Face aux Frères musulmans (et aux communistes), les jeunes et beaux officiers, courageux, aux discours progressistes et unitaires, sont les seuls véritables patriotes, l’officier amoureux Ali renonçant finalement à son bonheur personnel dans la dernière scène, son amour de la patrie étant plus fort que celui qui le lie à Leïla.

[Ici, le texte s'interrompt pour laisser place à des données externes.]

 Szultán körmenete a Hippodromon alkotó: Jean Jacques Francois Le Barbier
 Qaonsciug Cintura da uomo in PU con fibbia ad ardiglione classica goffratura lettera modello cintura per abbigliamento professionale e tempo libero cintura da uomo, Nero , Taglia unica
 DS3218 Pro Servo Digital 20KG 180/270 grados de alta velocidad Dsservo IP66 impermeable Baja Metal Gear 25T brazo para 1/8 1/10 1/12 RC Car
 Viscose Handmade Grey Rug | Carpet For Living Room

La vision romantique d’une nation égyptienne forte, unie dans toutes ses composantes et conduite par une armée glorifiée fait écho au slogan du coup d’État militaire du 3 juillet 2013 : « le peuple, l’armée, la police, main dans la main ». Et finalement, alors que le réalisateur tente de retracer les deux années qui ont suivi le coup d’État de 1952 et la nouvelle dissolution des Frères musulmans en 1954, les discours anachroniques contre les Frères accusés de vouloir « récupérer la Révolution » ou de faire partie d’une « cinquième colonne » cachent mal les positions assumées du réalisateur qui compare Gamal Abdel Nasser et Abdel Fattah Al-Sissi : « Nous voyons l’histoire se répéter. Les Frères musulmans ont essayé de prendre le dessus sur la révolution de juillet mais ont échoué parce que Nasser était un leader avec une stratégie. C’est arrivé à nouveau avec la révolution du 25 janvier (2011, début du printemps égyptien) comme les événements le prouvent. »8 L’un des éclairs de vérité sur cette question réside peut-être dans cette phrase prononcée dans l’un des derniers épisodes par un jeune Frère musulman : « Quoi qu’il advienne, ils disent toujours que c’est notre faute ou celle des communistes » (28).

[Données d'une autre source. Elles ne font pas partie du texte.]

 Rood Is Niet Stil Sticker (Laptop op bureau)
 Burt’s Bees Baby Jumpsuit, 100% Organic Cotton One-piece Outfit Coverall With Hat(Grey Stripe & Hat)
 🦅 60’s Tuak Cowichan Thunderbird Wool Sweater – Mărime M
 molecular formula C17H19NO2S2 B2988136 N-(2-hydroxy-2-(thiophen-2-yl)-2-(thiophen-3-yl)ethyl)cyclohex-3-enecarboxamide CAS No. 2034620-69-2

Au service du discours dominant actuel
L’histoire des juifs d’Égypte, celle de la révolution de 1952 et la question palestinienne sont des thématiques sensibles qui ont été soumises, au fil des décennies, à l’interprétation et à la manipulation des différents régimes égyptiens. La série Le quartier juif est le reflet de son époque et du discours dominant actuel, alors que la peine de mort de Mohamed Morsi, accusé d’espionnage au profit « du Hamas, du Hezbollah chiite libanais et des pasdarans iraniens » a été confirmée le 16 juin 2015.

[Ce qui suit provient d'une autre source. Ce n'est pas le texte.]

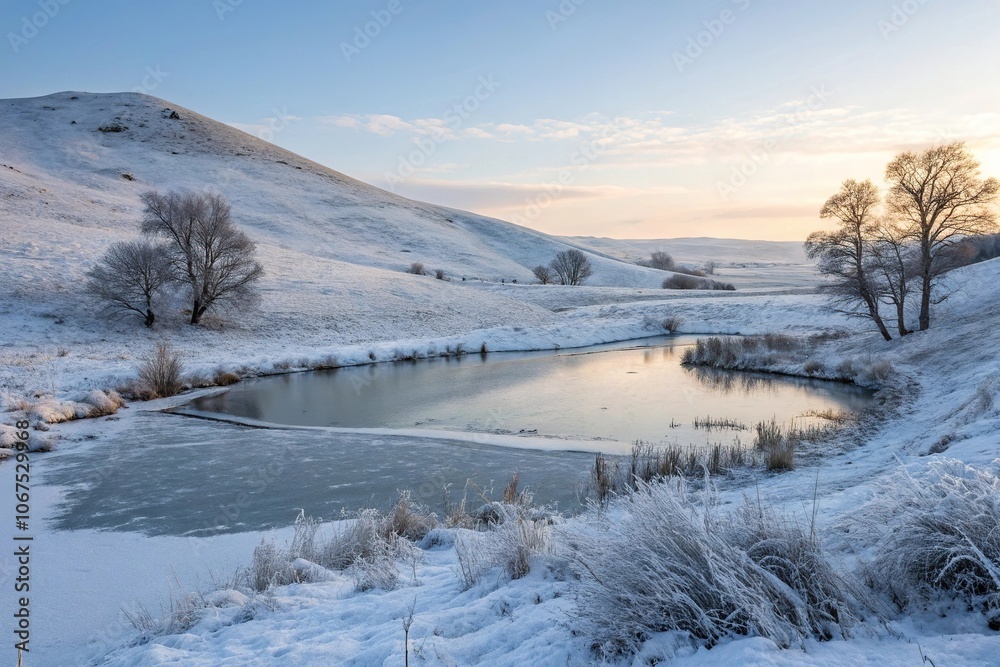 Frosty winter landscape with snow-covered hills and a frozen pond, frozen pond, landscape, winter, forest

Certes, concernant la question des juifs d’Égypte, cette série représente une nouvelle tentative9 de briser un tabou et de bousculer certaines idées reçues auprès de la population égyptienne, comme le montrent non seulement les nombreuses polémiques mais aussi l’intérêt porté par certains médias ces dernières semaines à cet aspect de l’histoire contemporaine négligé jusque-là. Son héritage est menacé ; sur 100 000 juifs égyptiens en 1948, il n’en reste plus que quelques uns10. Nous conclurons alors avec ces mots d’Albert Arie dans un entretien à Ahram online : « Ce qu’il faut maintenant c’est faire en sorte que l’histoire des juifs égyptiens, qui fait en fait partie de l’histoire de l’Égypte, soit bien documentée et leurs monuments préservés pour qu’un jour peut-être, l’histoire complète soit correctement racontée, loin des buts de propagande politique ou de gains commerciaux ».